The impact of the implosion has been disastrous. Large numbers of staff have been made redundant, teachers are buying essential equipment out of their own pockets, GCSE pupils are doing written work on the back of work done by last year’s classes. The most serious part of the scandal is the asset-stripping of the individual schools by the central Trust.

In advance of its dissolution WCAT forced its schools to hand over millions of pounds in what were described as loans. This included just under half a million from Hemsworth Academy, £300,000 from Heath Primary in Wakefield and £800,000 from Wakefield City Academy. Much of this money was raised by parents in hard-pressed local communities in fund-raising events. WCAT has no intention of paying back these “loans”. They are likely to get away with this scam.

There has been an angry and determined response from local communities. On 19 October a big audience in Doncaster was addressed by National Education General Secretary, Kevin Courtney and others. Parents are demanding the schools be brought back into LA control. That is absolutely the right demand, not only for WCAT but for all academy trusts.

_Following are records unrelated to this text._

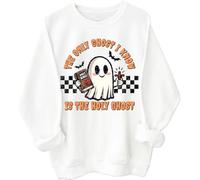 Sweat à capuche « The Only Ghost I Know Is The Holy Ghost » pour Halloween, blanc, M
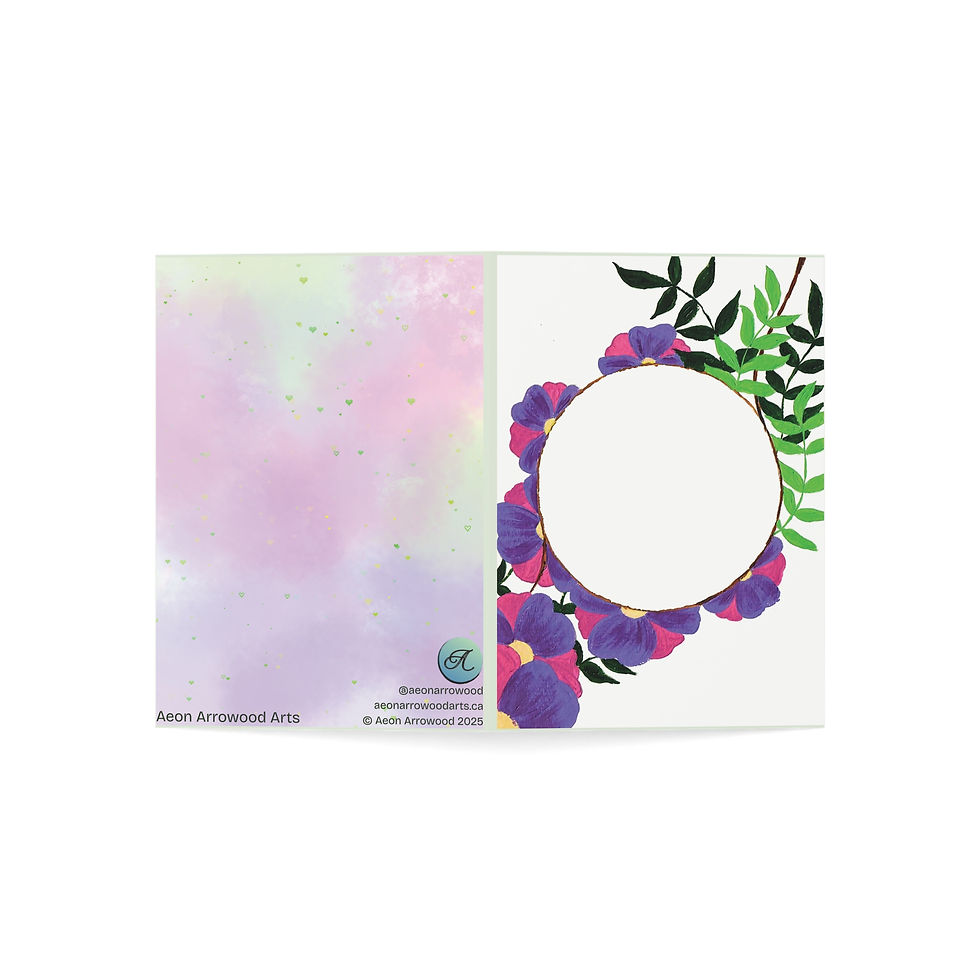 Miniature : Artist Designed Flower Greeting Card, Blank Inside (1/10/30/50 pcs)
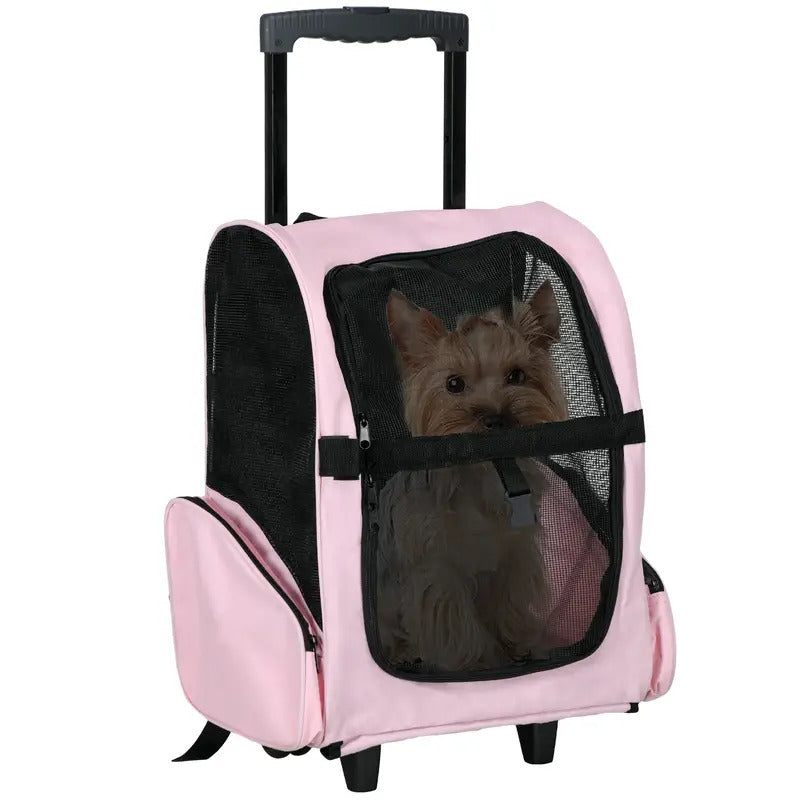 Trasportino Zaino 2 in 1 per Cani e Gatti con Ruote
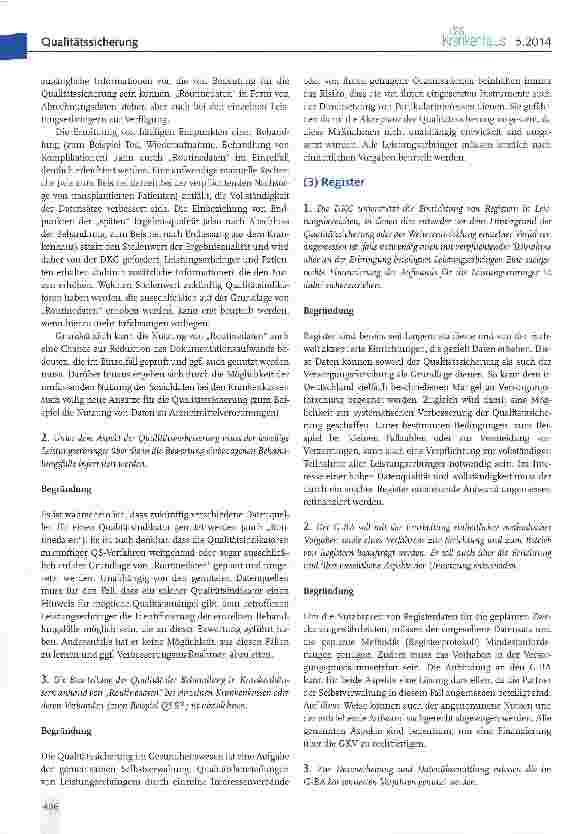 Vorschauseite 6: Positionen der Deutschen Krankenhausgesellschaft zur Weiter-entwicklung der Qualitätssicherung und der Patientensicherheit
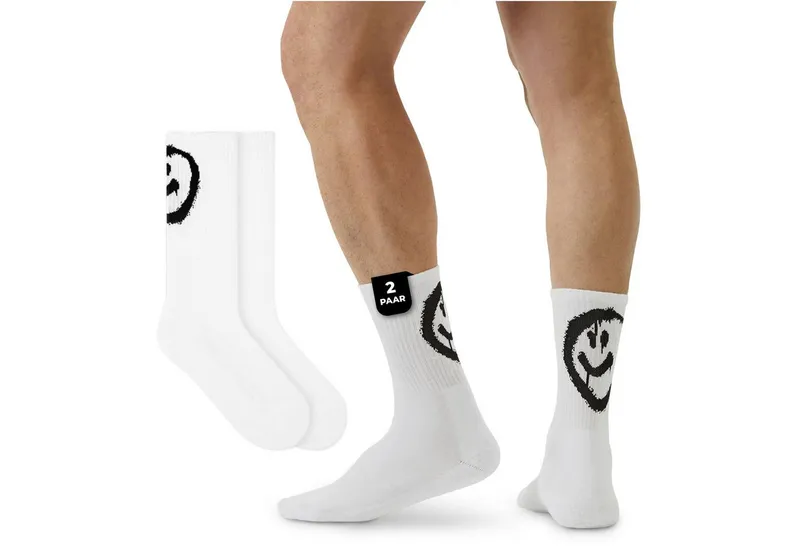 von Jungfeld von Jungfeld Tennissocken SMILEY Baumwolle 36-46 Unisex 2 Paar (2-Paar, 2er-Pack) Sportsocken mit verstärkter Ferse & Fußsohle aus Bio-Baumwolle, Weiß, – Produktbild 1 von 5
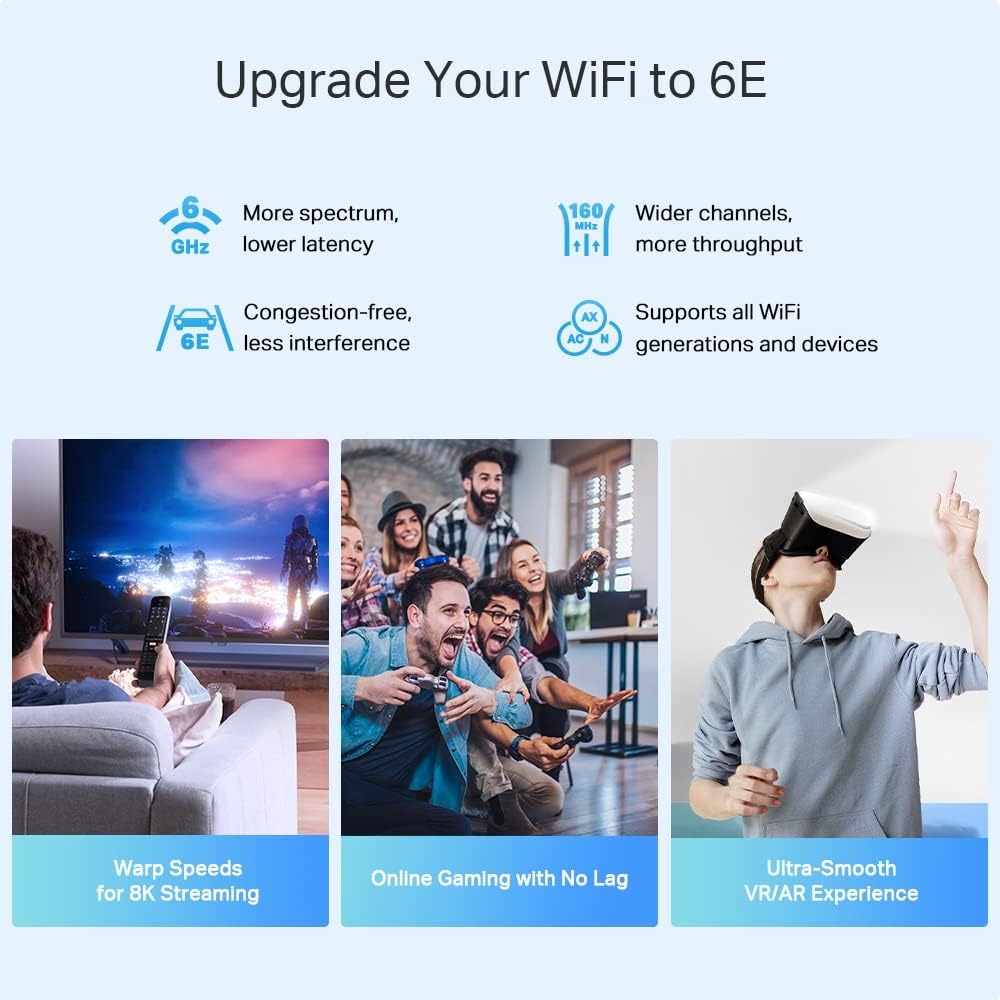TP-Link Deco XE75 Pro Mesh WLAN 3er-Set – Wi-Fi 6E AXE5400 Tri-Band Router, 2.5G Port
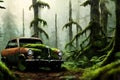 abandoned retro car in a jungle Royalty Free Stock Photo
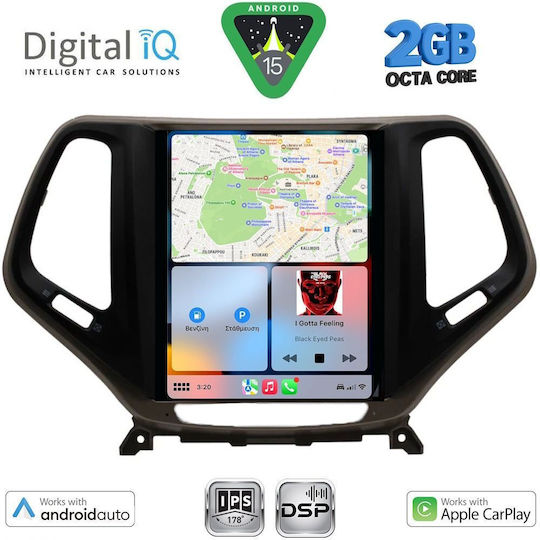 Digital IQ Ηχοσύστημα Αυτοκινήτου για Jeep Cherokee 2014 με Clima (Bluetooth/USB/AUX/WiFi/GPS/Apple-Carplay/Android-Auto) με Οθόνη Αφής 9.7"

Unfortunately, that isn’t what will happen to these schools. The DfE and the Regional Schools Commissioner are now “rebrokering” the schools with other local multi-academy trusts (MATs). The main beneficiaries will be two MATs who have had their own financial embarrassments involving their own lucratively-paid CEOs in recent years (Outwood Grange and Delta). There is currently no legal provision which could bring academy schools back into the local authority system. That can and must change.

The lack of accountability and transparency which cause and encourage this corruption is endemic to the entire academy programme. One of the most disappointing things about the great revival of the left marked by so-called “Corbynism” is the failure of Labour to commit to bringing academies back into the local authority system. That would be tremendously popular in some of Labour’s traditional working class heartlands.